Every vineyard and wine region needs skilled employees, and that cost trickles down to the bottom line. Handcrafted wines—those pruned, harvested and sorted by people instead of machines—often cost more. “All these ‘hands’ throughout the process ensure consistency and quality of the product as well as increasing labor costs, which ultimately influence the cost of the wine,” says Knudsen Cowles.

Sometimes, machines are necessary for harvesting and sorting, or if there’s a labor shortage. Initial equipment costs could be high, but when the systems run efficiently, it may save dollars.

“The labor shortage in our area is forcing growers to look to efficient types of mechanization and to utilize state-of-the-art technology in the vineyard to combat the issue of not having the labor force needed to do everything by hand,” says Meaghan Frank, general manager at Dr. Konstantin Frank in New York’s Finger Lakes region.

Two men stacking trays of handpicked grapes in a vineyard
Getty

Besides vineyard equipment, cellar necessities like filters and oak barrels can be very costly, says Frank. New French oak barrels can cost up to $1,000 each, according to Frank and Knudsen Cowles. Those dollars factor into the bottom line of a wine.

“High-volume wines available at lower price points may use oak staves, oak chips, or even an oak-flavor additive to impart similar flavors at a lower cost,” says Knudsen Cowles, who uses only French oak. Storage for several years during the aging phase is another consideration. “It can feel like a long time to have money sitting on the shelves,” she says.

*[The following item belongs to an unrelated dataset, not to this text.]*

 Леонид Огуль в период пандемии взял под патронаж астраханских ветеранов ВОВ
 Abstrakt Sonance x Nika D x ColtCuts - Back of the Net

Vintage influences pricing, but that depends on region. In the Willamette Valley, Knudsen Cowles says that the quality of the grapes has been consistent over the last half-century, which has allowed producers to offer wines at a steady prices.

In other places, severe weather can impinge on yields or even nearly decimate a vintage.

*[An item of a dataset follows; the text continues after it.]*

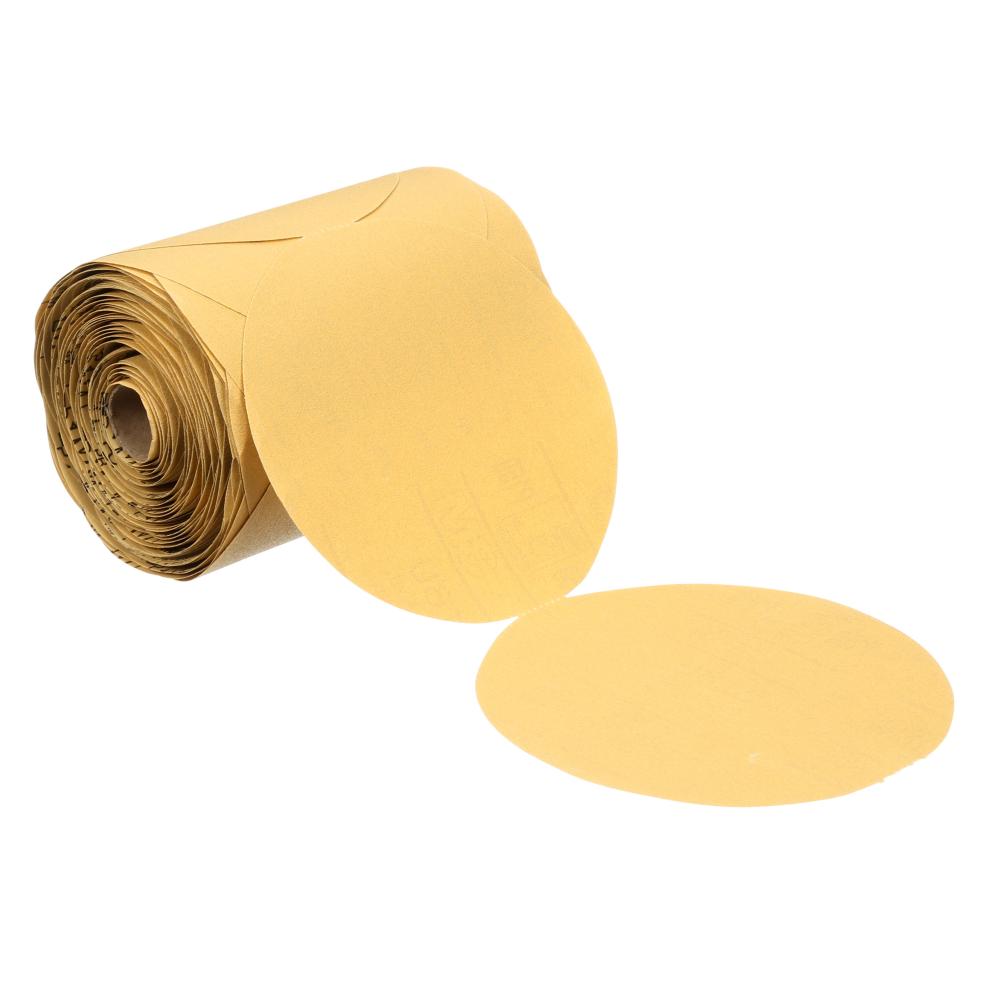 3M™ Stikit™ Gold Paper Disc Roll, 216U, P320, 1 1/4 in x NH (31.75 mm x NH), 175 discs per roll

“Vintage plays a big role in the final cost of the wine, especially in cooler climates like the Finger Lakes, where there is variation from year to year,” says Frank. She points to difficult vintages from 2013–15. “For some varieties, we experienced a 50–70% shortage of grapes, which impacted the amount of wine we were willing to produce and pushed up the prices due to that scarcity.”

Sager says that larger wineries can typically handle severe weather and “economic storms” better than smaller producers. The seven largest California wineries are behind approximately 70% of U.S. wine sales.

The Factors of a Price of Wine:
• Location
• Labor Costs
• Equipment Costs
• Aging Costs
• Vintage
• Winery Size
• Packaging

For anyone who’s hauled a bunch of wine bottles to the recycling bin after a party, it’s apparent that some bottles are fancier, heavier, adorned with special labels or equipped with unique closures. Such packaging material is a line item on the producer’s balance sheet.

“Bottles are the most expensive of those, then closures, then labels,” says David Ramey, founder/winemaker at Ramey Wine Cellars in Healdsburg, California.

Sager says that packaging materials account for a “large percentage of the cost of inexpensive wine, but as you climb the price points, dry goods become less of the percentage of the total cost. That’s why you generally see inexpensive wines in inexpensive glass and more simple packaging.”

Still, some wineries consider packaging an important part of their brand.

“The packaging for a wine bottle is sometimes a signal of the quality, and due to this, wineries will make the packaging for high-end wines more sophisticated than their entry-level wines,” says Frank.

Vineyard location, regional circumstances and packaging are quantifiable, but don’t forget the subtle and not-so-subtle influences of reputation and critical commentary.

“Just as people pay more for certain chefs’ meals, they’ll pay more for certain winemakers’ wines,” says Ramey. “In the end, it’s a blend of quality, critical and popular perception, and scarcity.”